Housing is growing less affordable because there’s more demand for rental and, increasingly, owner-occupied housing, but little new supply. This hasn’t been a problem until recently—there’s been a considerable backlog of foreclosures and other vacant homes following last decade’s property bust. Throughout the housing slump, policy makers have focused on boosting demand by keeping mortgage rates low and expanding access to credit.
Now, there’s growing attention on what’s happening on the supply side. Some cities face supply constraints beyond their control. Coastal cities often see much pricier housing—and considerable price volatility—because there aren’t too many places left to build.
But other cities make things worse with zoning and other land-use restrictions that discourage production, said Jason Furman, chairman of the White House Council of Economic Advisers, in a speech Friday at a housing conference co-hosted by CoreLogic, a data company, and the Urban Institute, a think tank.
“Artificial constraints” on housing supply hinders mobility, and increasing mobility “is going to be an important part of the solution of increasing incomes and increasing incomes across generations,” Mr. Furman said. Zoning rules, of course, aren’t distributed randomly across the country, which means they’re “actually correlated with those places that have higher inequality,” he said.
This feeds a cycle in which cities that have more restrictions on land use have higher inequality, which further constrains mobility, which further exacerbates inequality, and so on.
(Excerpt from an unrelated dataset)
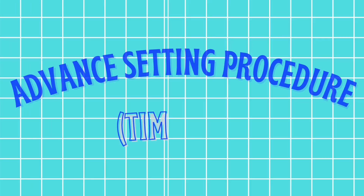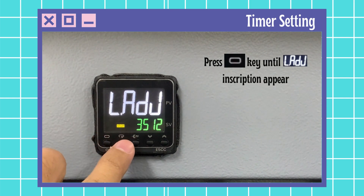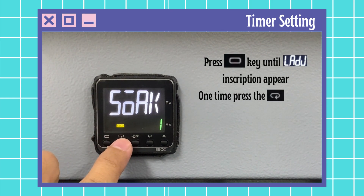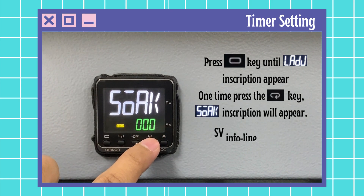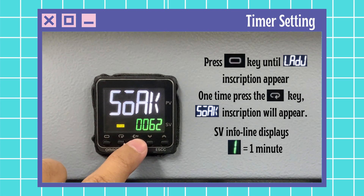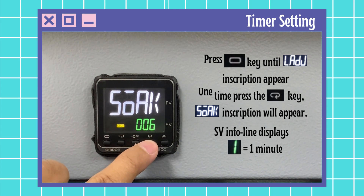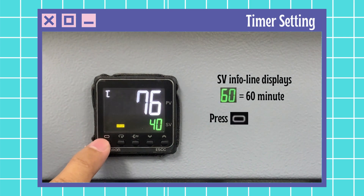Advanced setting procedure with timer on. Press the level key until the inscription appears, then press the mode key until the inscription appears. The set value info line displays 1 equal to 1 minute. You can set your time — for example, 60 minutes as temperature maintaining time — by adjusting the up and down key. Press level to return back to the main display.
Mr. Furman drew attention to two papers that tie declining geographic mobility to land-use regulations. The first, by Federal Reserve economist Raven Molloy, shows how an increase in labor demand in cities with greater land-use restrictions results in less new housing construction, higher home prices, and lower long-run employment.
“If you’re not pricing people out of the market, you’re able to attract more people and increase employment more,” Mr. Furman said.
The second paper, by Peter Ganong and Daniel Shoag of Harvard University, examines the slowdown in income convergence—that is, the rate at which incomes in places with lower incomes catch up with those in places with higher incomes. The paper found that income convergence was more common in states during the 1960s and 1970s regardless of constraints on housing supply. By the 1990s, states with more constrained housing supplies saw far less income convergence than those with less constrained housing supplies.
One reason for the breakdown in convergence, said Mr. Furman, is that only high-income workers can afford to relocate to those high-productivity cities that have tighter land-use regulations.
Of course, there are limits to what federal policy makers can do on an issue that’s largely handled by states and localities, a point readily acknowledged by Mr. Furman. In that sense, the latest policy discussion reflects an attempt to nudge cities and states to be more thoughtful in designing restrictions, just as an earlier push by White House economists this year has spotlighted the hazards of occupational licensing in hindering mobility.
The land-use and affordability issue isn’t just some idle worry of economists, Mr. Furman added.
“It’s something the president is personally concerned about,” he said.